もしかして俺に手がかりを残してくれた…なんてのは、さすがにないかな。
けれど、不安がよぎる。
どうして入都記録なんだろう。
まさか、既に王都に戻って来ているのだろうか?
いや、違う。
…王都を出たという手紙はこの記録の日よりも後に来た。
それに、戻ったのなら俺に知らせるはずだ。
…知らせるよな?
じゃあ、これはオルタンシアじゃないのかな。
急に目に留まっただけだ、何か決定的な証拠を見つけたわけではない。
そんな風に理性が慎重を求めるが、俺の目は入出管理記録に固定されたままだった。
…勘でしかない。
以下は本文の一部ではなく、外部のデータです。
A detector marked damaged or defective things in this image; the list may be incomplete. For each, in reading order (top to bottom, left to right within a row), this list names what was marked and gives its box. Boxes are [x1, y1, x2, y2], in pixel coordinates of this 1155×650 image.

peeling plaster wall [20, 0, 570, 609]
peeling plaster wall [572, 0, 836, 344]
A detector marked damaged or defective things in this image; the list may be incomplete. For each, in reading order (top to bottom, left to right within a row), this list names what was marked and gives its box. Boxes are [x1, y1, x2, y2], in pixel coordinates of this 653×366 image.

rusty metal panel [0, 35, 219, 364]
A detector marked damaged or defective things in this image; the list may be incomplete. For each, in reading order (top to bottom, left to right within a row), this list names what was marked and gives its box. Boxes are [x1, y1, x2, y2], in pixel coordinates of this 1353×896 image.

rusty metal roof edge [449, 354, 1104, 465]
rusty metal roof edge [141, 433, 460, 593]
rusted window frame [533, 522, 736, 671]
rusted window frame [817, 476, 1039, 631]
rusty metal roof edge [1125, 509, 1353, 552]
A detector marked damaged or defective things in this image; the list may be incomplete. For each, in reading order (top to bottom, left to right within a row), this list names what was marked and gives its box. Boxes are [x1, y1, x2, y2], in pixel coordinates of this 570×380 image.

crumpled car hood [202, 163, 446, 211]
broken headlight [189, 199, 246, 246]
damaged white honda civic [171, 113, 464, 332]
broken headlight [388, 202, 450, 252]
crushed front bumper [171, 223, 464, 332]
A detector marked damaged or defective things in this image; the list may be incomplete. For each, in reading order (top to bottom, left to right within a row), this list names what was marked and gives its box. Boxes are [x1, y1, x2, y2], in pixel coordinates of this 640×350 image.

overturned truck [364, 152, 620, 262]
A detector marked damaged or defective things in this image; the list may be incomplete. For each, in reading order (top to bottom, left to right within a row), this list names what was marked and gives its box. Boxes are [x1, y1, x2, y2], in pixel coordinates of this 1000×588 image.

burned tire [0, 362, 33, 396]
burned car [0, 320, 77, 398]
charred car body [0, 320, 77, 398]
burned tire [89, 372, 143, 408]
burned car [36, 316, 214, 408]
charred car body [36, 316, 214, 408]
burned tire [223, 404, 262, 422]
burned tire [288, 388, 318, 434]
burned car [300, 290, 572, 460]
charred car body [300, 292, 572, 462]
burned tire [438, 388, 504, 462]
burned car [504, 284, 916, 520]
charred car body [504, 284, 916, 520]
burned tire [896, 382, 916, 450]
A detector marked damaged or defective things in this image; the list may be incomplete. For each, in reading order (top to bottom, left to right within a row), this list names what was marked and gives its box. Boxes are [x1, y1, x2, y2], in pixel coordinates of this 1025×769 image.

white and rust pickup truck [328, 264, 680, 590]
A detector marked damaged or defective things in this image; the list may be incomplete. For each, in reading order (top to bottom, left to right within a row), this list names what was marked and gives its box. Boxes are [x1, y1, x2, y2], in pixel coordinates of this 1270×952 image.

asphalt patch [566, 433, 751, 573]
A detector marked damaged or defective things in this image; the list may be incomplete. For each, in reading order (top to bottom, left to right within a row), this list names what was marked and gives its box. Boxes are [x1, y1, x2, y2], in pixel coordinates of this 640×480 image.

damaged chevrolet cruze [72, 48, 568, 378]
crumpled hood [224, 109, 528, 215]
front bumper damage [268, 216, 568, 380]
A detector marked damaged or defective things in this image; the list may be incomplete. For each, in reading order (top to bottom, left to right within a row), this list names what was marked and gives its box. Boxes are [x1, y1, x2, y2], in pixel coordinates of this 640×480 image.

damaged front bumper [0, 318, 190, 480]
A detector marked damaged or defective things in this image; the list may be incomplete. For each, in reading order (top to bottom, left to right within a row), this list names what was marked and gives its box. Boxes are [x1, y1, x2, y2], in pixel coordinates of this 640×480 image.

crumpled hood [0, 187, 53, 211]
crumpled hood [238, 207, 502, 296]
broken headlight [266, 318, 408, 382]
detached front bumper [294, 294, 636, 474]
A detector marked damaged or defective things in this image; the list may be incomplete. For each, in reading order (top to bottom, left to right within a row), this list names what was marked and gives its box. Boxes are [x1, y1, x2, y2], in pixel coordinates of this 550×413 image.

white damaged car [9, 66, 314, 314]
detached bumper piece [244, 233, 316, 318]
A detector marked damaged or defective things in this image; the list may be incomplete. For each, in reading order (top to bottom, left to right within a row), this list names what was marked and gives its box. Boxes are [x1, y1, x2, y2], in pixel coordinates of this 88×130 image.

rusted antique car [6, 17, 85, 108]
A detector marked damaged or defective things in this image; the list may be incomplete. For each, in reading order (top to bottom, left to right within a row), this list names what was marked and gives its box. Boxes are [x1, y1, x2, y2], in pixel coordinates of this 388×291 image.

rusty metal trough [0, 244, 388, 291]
それでも。
何度考え直してみても、どうしても、これだと思う。
理由は説明できないけれど、俺の中の確信は翻らない。
周辺の文字を追う。
備考に『報告の過失による記録訂正、当日出都予定』の記載。
入都して幾らも経たずに出都するのか。
ページを捲ってみれば、然程離れていない位置で、再び同じ名を見つけた。
保護者はシスター・ミルベラ、同乗者は冒険者のトランサーグ。
…これはまた、聞き覚えの有る名だな。
あの決闘にはハラハラした。
代闘士として出てきた、冒険者トランサーグ。
容赦のない猛攻を、よく覚えている。
「どうしてシスターに保護されてるんだ…どちらかというと因縁がありそうなのはトランサーグなのに…」
全然、何があったのか想像できない。
当初は共に入都したと書かれているのも、やはり教会関係者のようだ。
考える間にも片付けを終え、教会を訪ねてみることにする。
「急な訪問、申し訳ありません。私はアンディラート・ルーヴィスと申します。本日はお聞きしたいことがあってお訪ねしました」
扉を開いた修道士に、会釈して告げる。
「ええ、こんにちは。どのような、こと…」
相手は愛想良く受け入れかけて、何かに気付いたように大きく目を見開いた。
急な態度の変化に動揺する。
「…あの…、出直したほうが?」
「ああ、いやいや。それで、どのようなことをお尋ねになりたいのでしょうか?」
本当に大丈夫かな。
ちょっと迷ったけれど、話してくれるのならば早いほうがいい。
端的に、王都を訪れた日のことについて聞きたい、と告げた。
「…やはり、そうでしたか」
頷かれて、やっぱり動揺する。
「どういうことですか?」
「貴方は孤児フランのことについて尋ねられたいのでは?」
孤児だって?
さっと頭の中に入出管理記録がよぎる。
保護者はシスター。
フラン・ダースはオルタンシアじゃないのか?
…まだわからない。
だって、この修道士は何かを知っている。
「貴方が来た日に、シスターと共に王都を出た、フランのことですよね?」
「ご存じでしたか。ええ、ええ。そうだと思いました」
疑問の色を隠せない俺に、修道士は笑顔ではっきりと告げる。
「あの時、フランは貴方に手紙を書こうとしていましたからね。私達が後ろから覗いても気付かないほど内容に悩んでいたようでしたが、宛名だけは書いてありましたので、先程お名前を聞いてもしやと思いましたよ」
フランという孤児に知り合いはいない。
だけど、その子が俺に手紙を書いていたというのなら。
「…げんき、に…していましたか?」
やけに、か細い声になってしまった。
格好悪い。バツが悪くなって俯く。
「そうですね…あ、いや」
「えっ」
歯切れの悪い言葉に慌てて顔を上げた。
相手はぱたぱたと手を左右に振って、フードを目深に被っていたため、あまり詳細な様子はわからないと続けた。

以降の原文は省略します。